Supplied material:
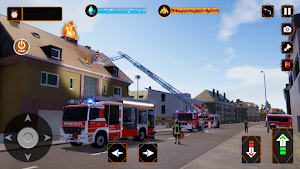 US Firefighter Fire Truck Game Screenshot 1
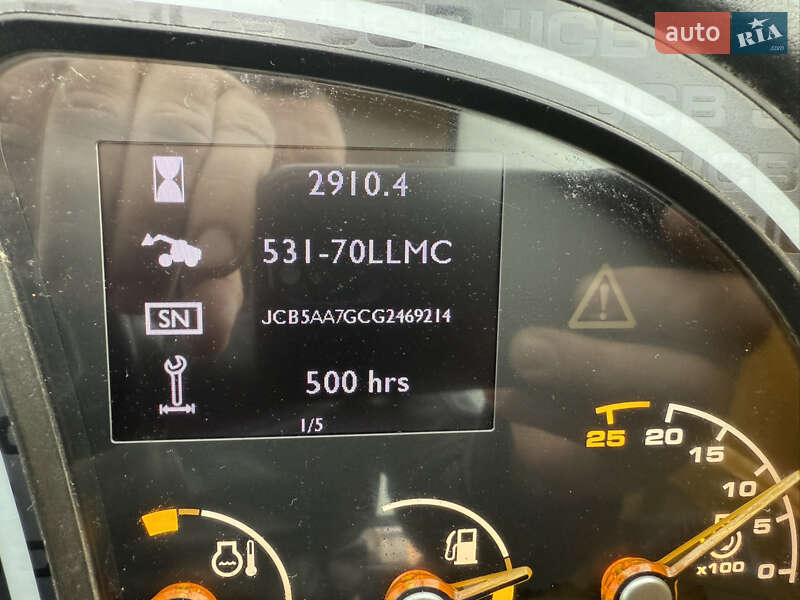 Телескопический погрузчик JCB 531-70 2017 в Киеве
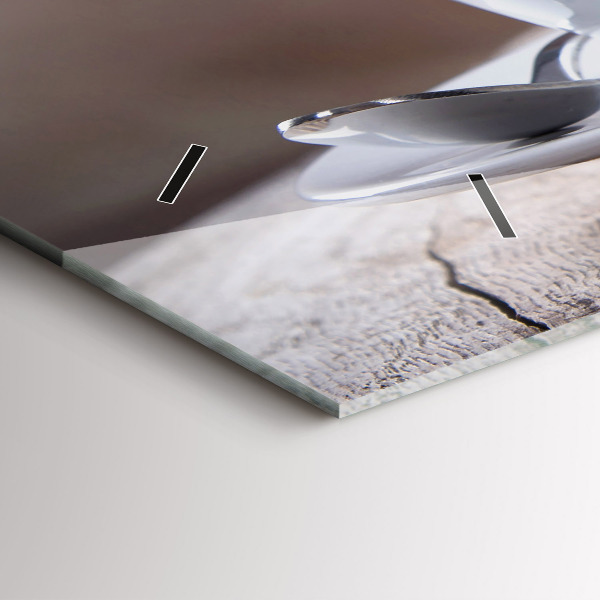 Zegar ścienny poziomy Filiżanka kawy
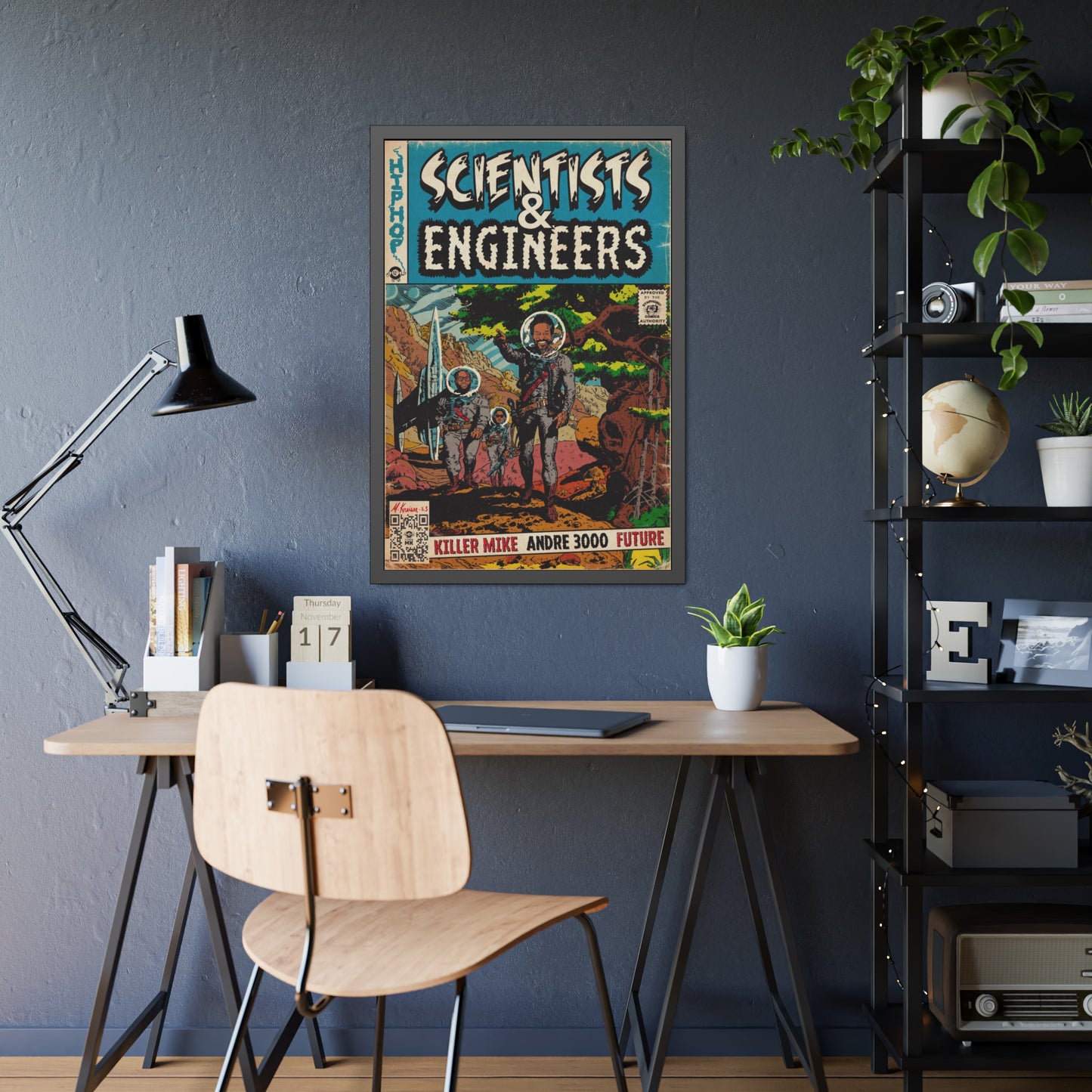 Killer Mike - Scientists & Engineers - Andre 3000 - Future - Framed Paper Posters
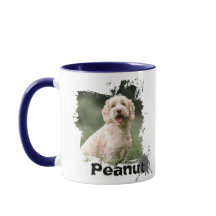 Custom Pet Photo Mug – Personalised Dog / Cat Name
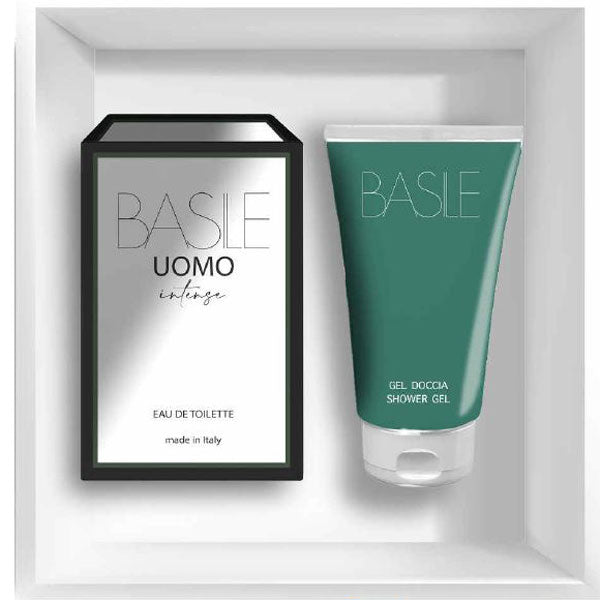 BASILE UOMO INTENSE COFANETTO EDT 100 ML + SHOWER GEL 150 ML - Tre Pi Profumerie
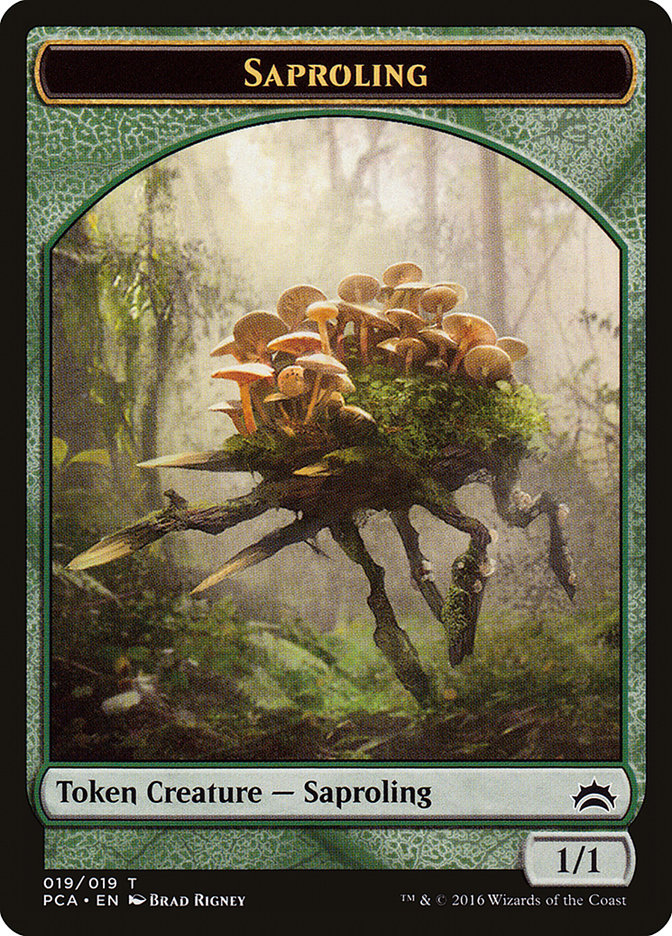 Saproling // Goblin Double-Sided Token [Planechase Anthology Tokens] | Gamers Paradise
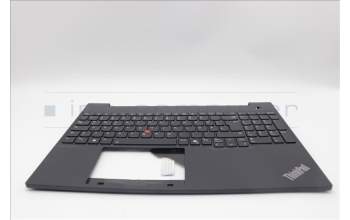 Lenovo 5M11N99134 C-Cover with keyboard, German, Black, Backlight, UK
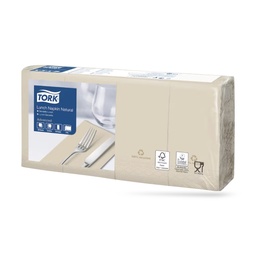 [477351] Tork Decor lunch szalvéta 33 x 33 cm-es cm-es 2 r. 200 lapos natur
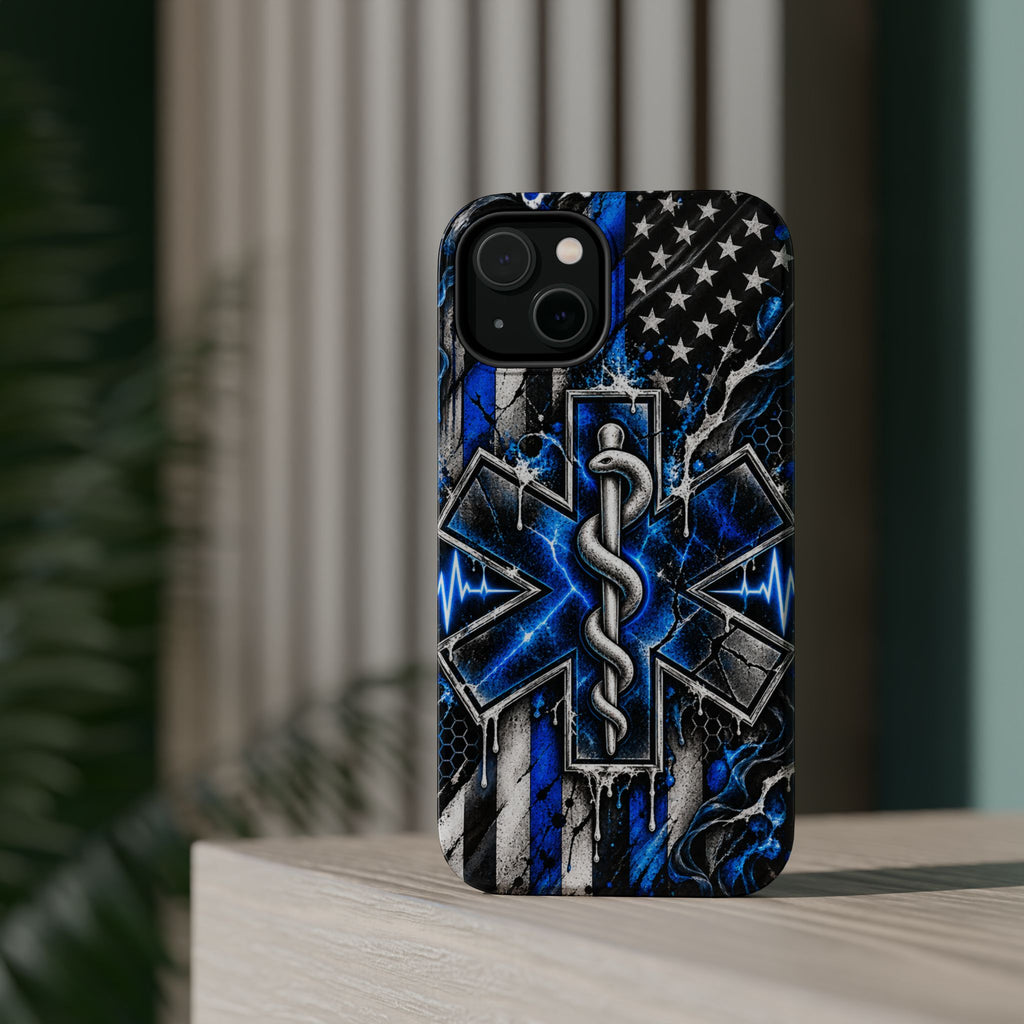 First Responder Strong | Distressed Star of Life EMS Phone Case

Prompt: The answer is those lines of the material above that run from the one containing "Телескопический погрузчик JCB" up to and including the one containing "Custom Pet Photo", restated exactly and without images.

Task result:
 Телескопический погрузчик JCB 531-70 2017 в Киеве
 Zegar ścienny poziomy Filiżanka kawy
 Killer Mike - Scientists & Engineers - Andre 3000 - Future - Framed Paper Posters
 Custom Pet Photo Mug – Personalised Dog / Cat Name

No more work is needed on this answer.